Taking the lower bound of the 95% CI of GBD2016, the footprints become 0.64 times (South Africa) to 0.81 times (China, India) lower, with an average of 0.72 times for the G20 nations (Fig. 7, left). With the upper bound concentrations, they increase between 1.11 times (India) and 1.24 times (South Africa), with a G20 average of 1.17 times. On the other hand, the footprint based on the 2010 average concentration in GBD201339 with the dust concentration data employed in this study gives a G20 mean of 0.90 times.
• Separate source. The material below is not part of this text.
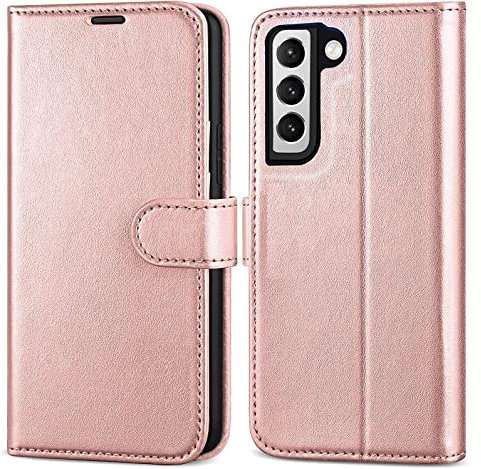 NWNK13 For Samsung Galaxy S22 5G Case Leather Wallet Book Flip Stand View Phone Cover with Card Holder Slots Compatible with Samsung S22 (Rose Gold)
The gridded concentrations directly calculated by the CMAQ give a G20 mean of 0.95 times, showing similar changes in the footprint as in the case of GBD2013. With both the direct CMAQ and GBD2013, the footprints of the G20 countries are generally within the range of the upper and lower bounds of the CI of GBD2016, which would support the reasonability of allocating total premature deaths in a grid based on GBD2016 concentration data by the consumption-based PM2.5 concentration computed by the CMAQ. In the case of Indonesia; however, the footprint with the CMAQ (1.39 times) exceeds the upper bound case. Even at the upper bound of the CI, there is only one grid square with a PM2.5 concentration over 30 µg/m3 among Indonesian grid squares with a population density of 22.5 persons/km2 or more (Supplementary Fig. 4 in the SI), despite some studies observing concentrations as high as 40–50 µg/m3 in 2001–200740, 33 µg/m3 in 201441, and 27–69 µg/m3 in 200742 in Bandung City. This suggests a possible underestimation of Indonesia’s footprint.
The CMAQ-simulated concentration used for the premature death allocation is impacted by the accuracy of the air pollutant emissions inventory. Uncertainty has not been estimated for the emission inventory of EDGAR v4.3.143 used in this study. However, for the updated EDGAR v4.3.2, uncertainty estimates are provided for air pollutant emissions, based on the estimated uncertainty of the activity data and emission factors for each emission sector, pollutant and country44. The two EDGAR databases are consistent for almost all sources and there is no significant discrepancy in global emissions between them except for NMVOC36. The uncertainties in the EDGAR v4.3.2 emission inventory can therefore be taken as holding for EDGAR v4.3.1, too. The uncertainties for primary PM2.5 vary by region, with estimates ranging from 49.4 to 96.8% in 2010, as do those for precursors of secondary particles: of these, NH3 (185.0–294.6%) has the highest uncertainty, while SOx (12.5–48.3%) and NOx (17.9–117.9%) are reported to have relatively small estimation errors44.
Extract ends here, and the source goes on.